Blogs are not ads, as I am careful to emphasize in corporate blogging training sessions. That’s not to say, though, that we blog content writers can’t learn a lot from ad writers.
I love the Samuel Hubbard.com ad for men’s dress shoes, for example. “My mother was a sneaker. My father was a dress shoe. … I can’t help it. I was born this way. Insanely comfortable and ready for a day in the office.”
You shouldn’t try to give searchers information about everything you have to offer, all in one blog post. With each post, stress just one major aspect of your company or practice, I teach. On the other hand, you want your blog to stand out, to be unusually interesting, so that readers will want to stay awhile and maybe even move on to your business’ website.
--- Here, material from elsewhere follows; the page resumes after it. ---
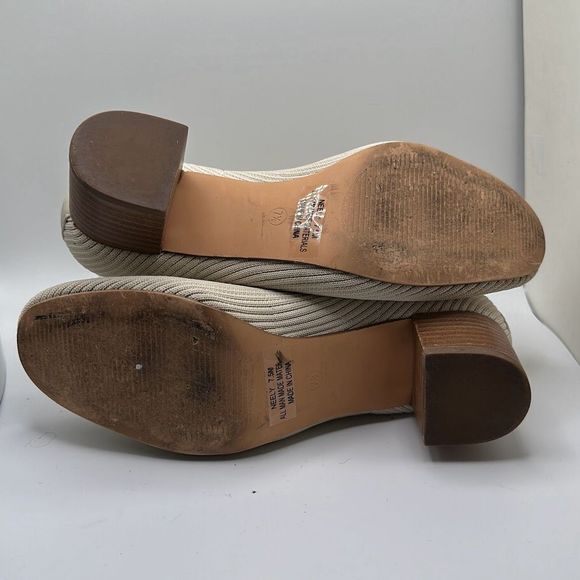 CUSHIONAIRE Women's Neely Stretch bootie +Memory Foam 7.5 IVORY - Picture 5 of 7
And when you put two things together that don’t seem to match – that can be a good technique to capture people’s interest. Having the shoe “talk” to the reader, and suggesting that a comfortable shoe is the “offspring” of sneaker and a dress shoe is just different enough to startle and engage.
The “nucleus” around which business blog posts are formed is their topic, the expertise and products that business offers. The key words and phrases around that topic are what bring readers to the blog posts. But, even though the overall topic is the same, there is endless variety that can be used to make each blog post special. The technique used by Samuel Hubbard Shoes is metaphor – making an unusual comparison – in this case between parents and shoes.
If you place a ripe banana next to a green tomato, the tomato will ripen, too, explains Brian McMahon in Mental Floss Magazine. Interesting facts such as this can always be of business blogging help, but that advice comes with two provisos:
Your reason for including the fact in your post must be apparent early on in the blog post, and the new information should relate to something with which readers are already familiar.
What “different” metaphor or comparison can you include in your blog that catches readers’ attention but still stays true to your message?